In 2nd grade, I fell in love. Not with a boy (no, I would have to wait another 16 years before that happened) but with my teacher, and I knew at that very moment, that all I ever wanted to be was a teacher. At that time, the motivating reason was the fact that I would be in charge of writing students’ names on the board when they misbehaved (does anyone remember that?). Fourteen more years would have to pass before I began to really understand what a teacher was. Yes, I got to make the fun, pretty bulletin boards, and “write kids names on the board” and make learning fun, but it was so much more complex. I had to learn to see the problem, find a solution, and customize the situation for each child. The art of asking questions, creating helpful transitions, and partnering with parents were my stepping stones to what I deemed success. Then, I met that boy who I fell in love with, picked up my teacher self, and moved to Eastern North Carolina to marry him.

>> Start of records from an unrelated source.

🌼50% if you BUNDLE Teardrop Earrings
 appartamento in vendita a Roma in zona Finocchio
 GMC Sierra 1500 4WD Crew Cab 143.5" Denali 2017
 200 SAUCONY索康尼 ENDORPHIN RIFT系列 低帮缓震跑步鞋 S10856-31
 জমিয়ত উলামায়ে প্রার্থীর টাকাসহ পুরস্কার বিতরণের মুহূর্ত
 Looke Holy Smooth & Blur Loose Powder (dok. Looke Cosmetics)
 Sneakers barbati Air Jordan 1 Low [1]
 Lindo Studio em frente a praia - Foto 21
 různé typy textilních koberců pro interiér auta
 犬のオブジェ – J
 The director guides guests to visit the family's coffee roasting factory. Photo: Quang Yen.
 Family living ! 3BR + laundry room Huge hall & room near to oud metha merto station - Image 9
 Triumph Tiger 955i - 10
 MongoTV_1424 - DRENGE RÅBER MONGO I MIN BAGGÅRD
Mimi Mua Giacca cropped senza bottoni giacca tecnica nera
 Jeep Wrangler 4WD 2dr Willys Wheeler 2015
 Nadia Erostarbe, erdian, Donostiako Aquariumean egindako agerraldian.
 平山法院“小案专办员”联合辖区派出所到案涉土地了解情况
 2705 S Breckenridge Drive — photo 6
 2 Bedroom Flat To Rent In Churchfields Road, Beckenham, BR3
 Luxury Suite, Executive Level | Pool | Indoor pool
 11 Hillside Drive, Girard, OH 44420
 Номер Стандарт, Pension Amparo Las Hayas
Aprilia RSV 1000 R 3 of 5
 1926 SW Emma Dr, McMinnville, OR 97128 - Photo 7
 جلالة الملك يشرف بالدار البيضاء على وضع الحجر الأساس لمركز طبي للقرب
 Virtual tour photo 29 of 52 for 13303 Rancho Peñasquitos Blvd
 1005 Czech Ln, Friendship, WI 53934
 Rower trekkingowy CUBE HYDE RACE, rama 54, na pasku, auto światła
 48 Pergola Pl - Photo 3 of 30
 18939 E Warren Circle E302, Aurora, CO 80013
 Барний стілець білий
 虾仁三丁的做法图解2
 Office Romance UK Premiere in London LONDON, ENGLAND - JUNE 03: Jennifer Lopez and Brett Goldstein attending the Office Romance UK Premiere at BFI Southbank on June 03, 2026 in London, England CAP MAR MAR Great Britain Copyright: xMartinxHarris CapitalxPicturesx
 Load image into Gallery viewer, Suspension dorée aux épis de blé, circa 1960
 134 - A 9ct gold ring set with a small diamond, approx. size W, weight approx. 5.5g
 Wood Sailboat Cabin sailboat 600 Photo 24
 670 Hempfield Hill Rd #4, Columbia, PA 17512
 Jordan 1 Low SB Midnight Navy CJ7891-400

With my teaching license slow to transition into a new state, I went back to my roots, to my first love and first job: Chick-fil-A. A new store was being built in town, and I hopped on the team. This was just going to be a short stay while my license transferred, right? Wrong. Over the past 10+ years, I have learned that teaching is one of the most transferable skills a person can possess. I became passionate about people: selecting the right team members, retaining teams, and assisting leadership with effective processes that produced results. That passion paved the road for Remarkable People Solutions® which provides custom people solutions that have a relieving, enduring, and remarkable effect for business owners. For the rest of my life, I hope I will be educating, engaging, and empowering others.
I have the true pleasure of living in Eastern North Carolina with my husband, three children, and one dog. Oh! And I am still in love with that boy today.
Carlie has been developing people and leading teams for 15+ years, and her experience with Chick-fil-A began when she was 15.